The first of the large birds, whose wingspans measure 6 to 7 feet (about 2 metres), was found on the side of a road at Fishermen's Memorial State Park on November 7, nine days after the storm made landfall in New Jersey, said Jennifer Brooks, clinic director at the Wildlife Rehabilitators Association of Rhode Island.

The bird, a juvenile likely from a nest in North Carolina, had been tagged by the US Fish and Wildlife Service, and records showed it was presumed to have died, she said.

The second pelican landed on a fishing boat about 190 km south of Block Island the following day, she said. The crew of the boat, which provides fish to SeaWorld theme parks, fed the bird for several days before docking.

“They were a little bit thin, they were a little beat up from the storm,” Brooks said of the birds. They had lost tail feathers and suffered scratches to their throat pouches, which are prone to frostbite in northern climates, Brooks said.

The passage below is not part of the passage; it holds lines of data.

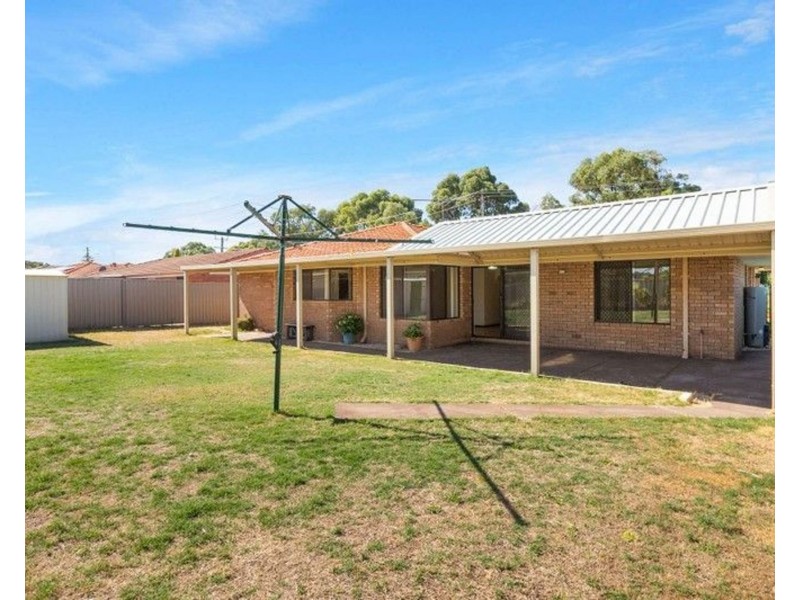 8 CASSERLEY ROAD, Rockingham WA 6168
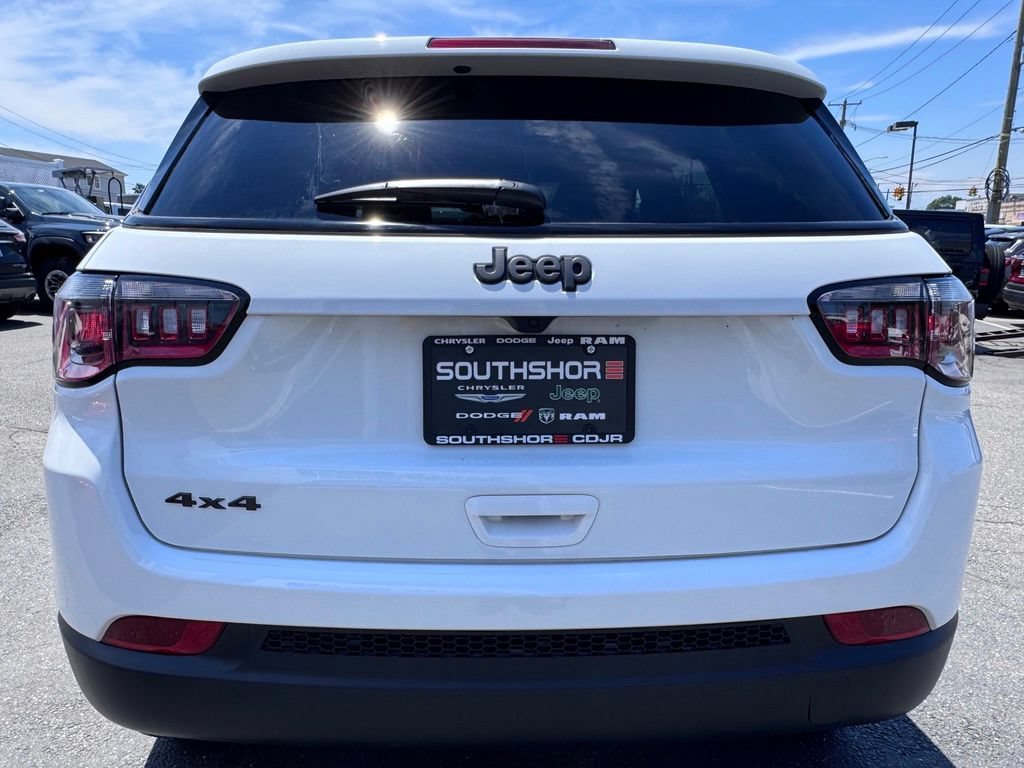 New 2026 Jeep Compass Latitude AWD/4WD image 6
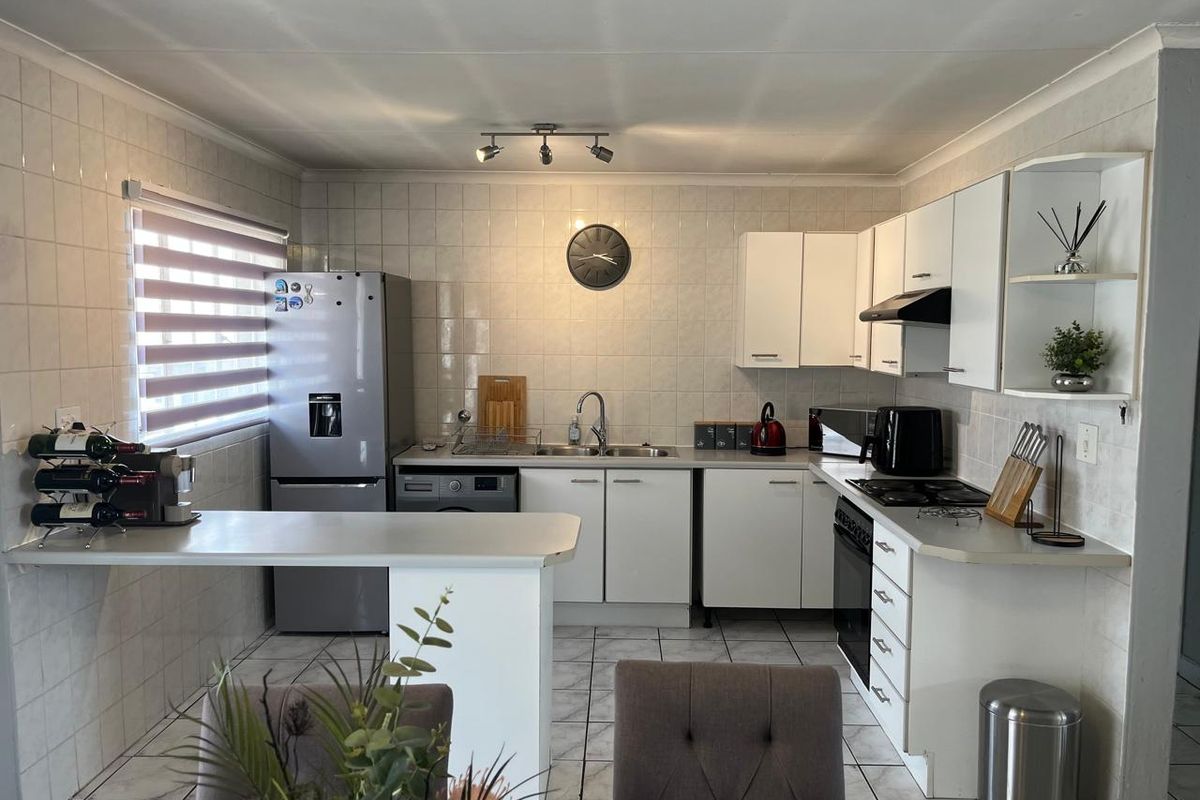 Modern 2-Bedroom First-Floor Apartment in Prime Edenglen Location - Photo 5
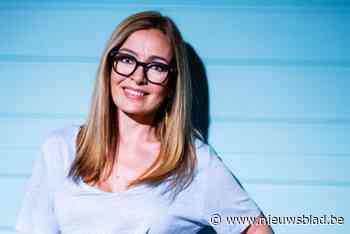 Katerine Avgoustakis kiest na burn-out weer voor meer muziek in haar leven: “Ik wist niet meer wie ik was”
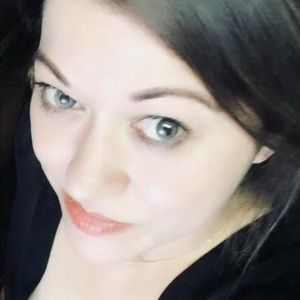 Meet your Posher, Diana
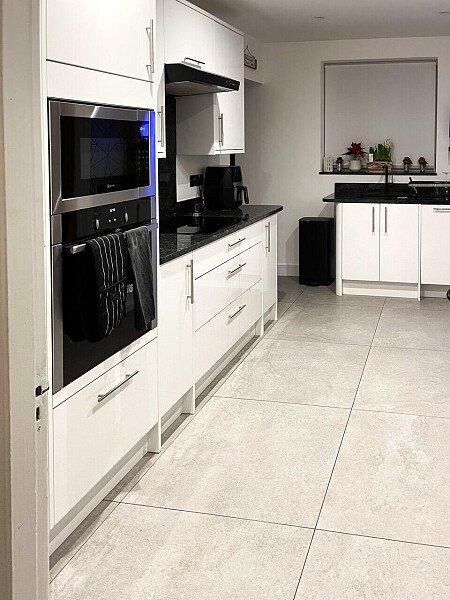 Geometrtic wall paper-  HA5- filming photoshoot location-06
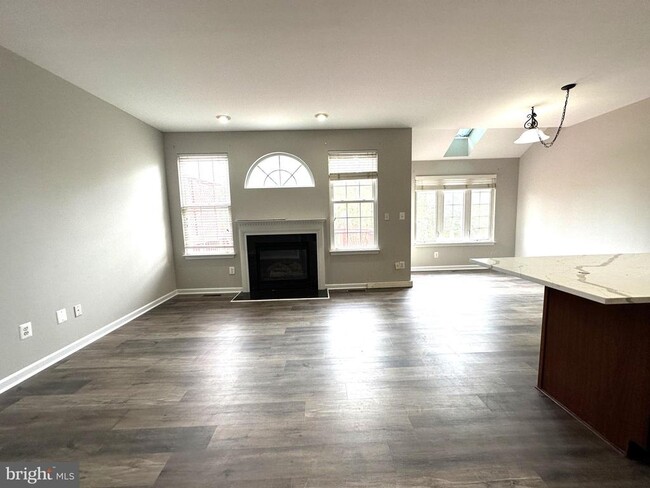 Building Photo - 22609 Welborne Manor Square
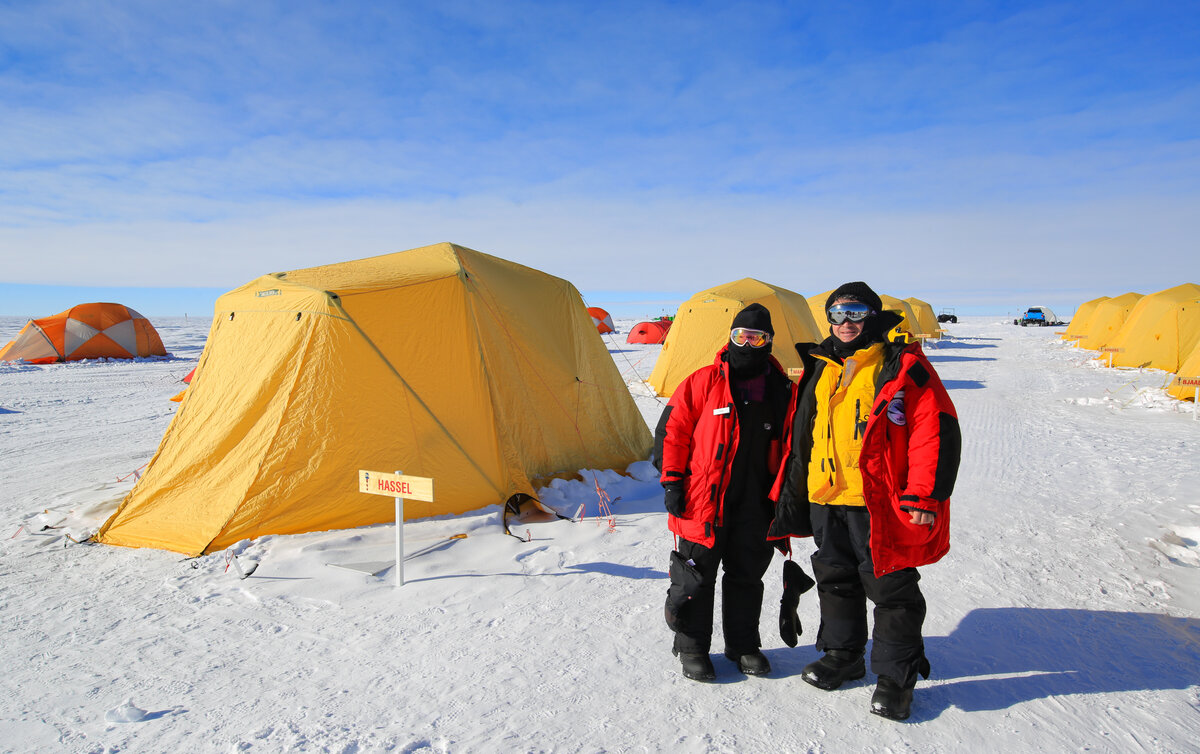 Guests take a photo at ALE South Pole Camp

Animal workers had been keeping the birds in an outdoor shelter before moving them into a tent inside the clinic, she said.

They were scheduled to be flown in containers similar to dog crates in a small private plane on Saturday to the Mary Keller Seabird Rehabilitation Sanctuary in Florida, she said.

The cost of the flight - about $2 000 (about R17 700) - will be covered by public donations, Brooks said.

Brown pelicans typically fly as far north as North Carolina during the summer to form breeding colonies before flying south for the winter, Brooks said.

Birds naturally are blown northward by storms, but “it's unusual for us to have pelicans,” she said.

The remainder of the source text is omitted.